REQUIRED ACTION:
Take the material below and output exactly the run of lines from the one containing "S/CONN maximum connectivity" down to the one containing "Romwe Notched Belted Pocket Detail Outerwear", with both included.

EXTRACTED RECORDS:
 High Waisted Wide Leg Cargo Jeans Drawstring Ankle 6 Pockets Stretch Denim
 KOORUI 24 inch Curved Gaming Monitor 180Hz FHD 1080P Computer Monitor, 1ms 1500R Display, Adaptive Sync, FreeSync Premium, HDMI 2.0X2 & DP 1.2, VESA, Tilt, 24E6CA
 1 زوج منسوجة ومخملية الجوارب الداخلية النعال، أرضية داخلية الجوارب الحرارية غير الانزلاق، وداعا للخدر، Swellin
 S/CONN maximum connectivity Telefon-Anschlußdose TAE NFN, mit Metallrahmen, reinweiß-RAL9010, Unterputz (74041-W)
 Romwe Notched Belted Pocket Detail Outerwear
* * *
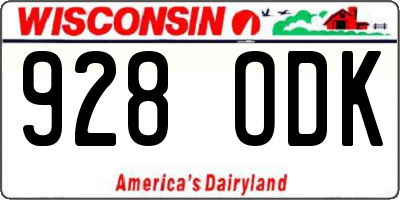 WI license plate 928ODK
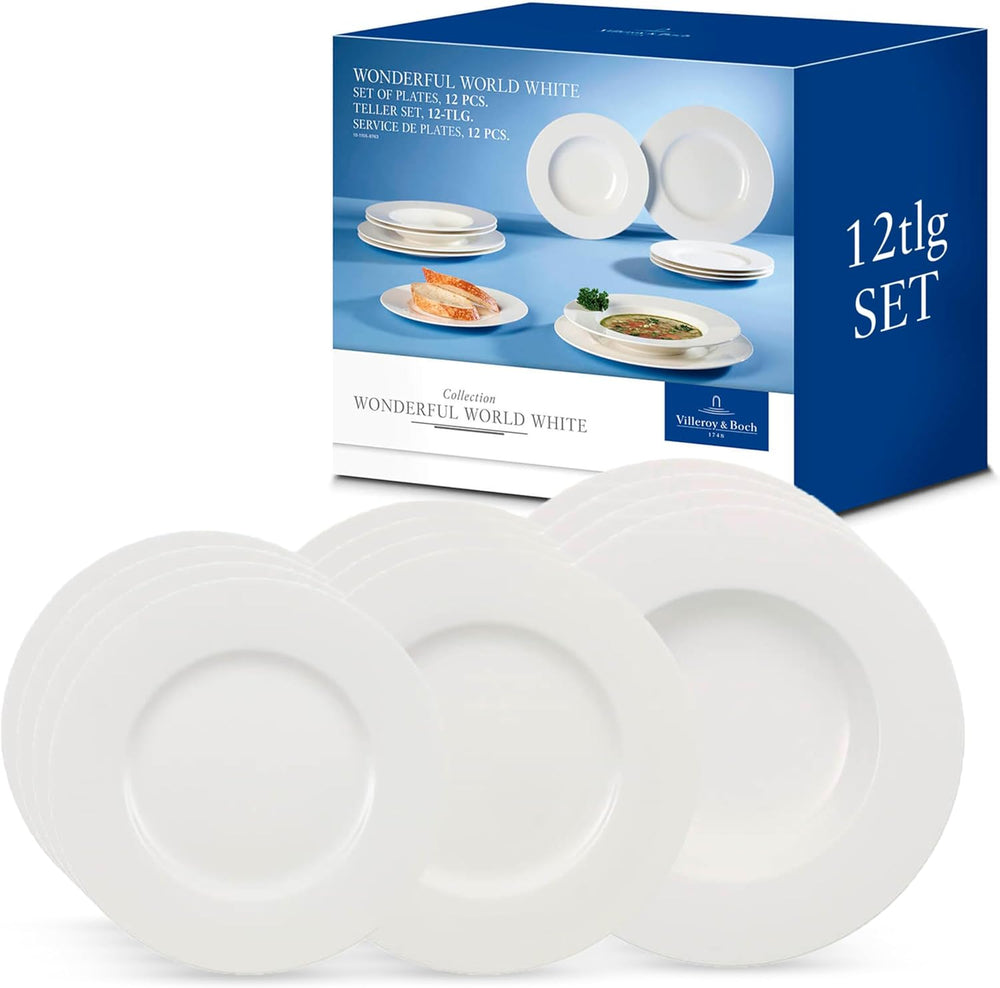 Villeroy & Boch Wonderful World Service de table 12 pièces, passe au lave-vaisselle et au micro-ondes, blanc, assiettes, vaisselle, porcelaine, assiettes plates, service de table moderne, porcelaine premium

WRITTEN ANSWER:
 S/CONN maximum connectivity Telefon-Anschlußdose TAE NFN, mit Metallrahmen, reinweiß-RAL9010, Unterputz (74041-W)
 Romwe Notched Belted Pocket Detail Outerwear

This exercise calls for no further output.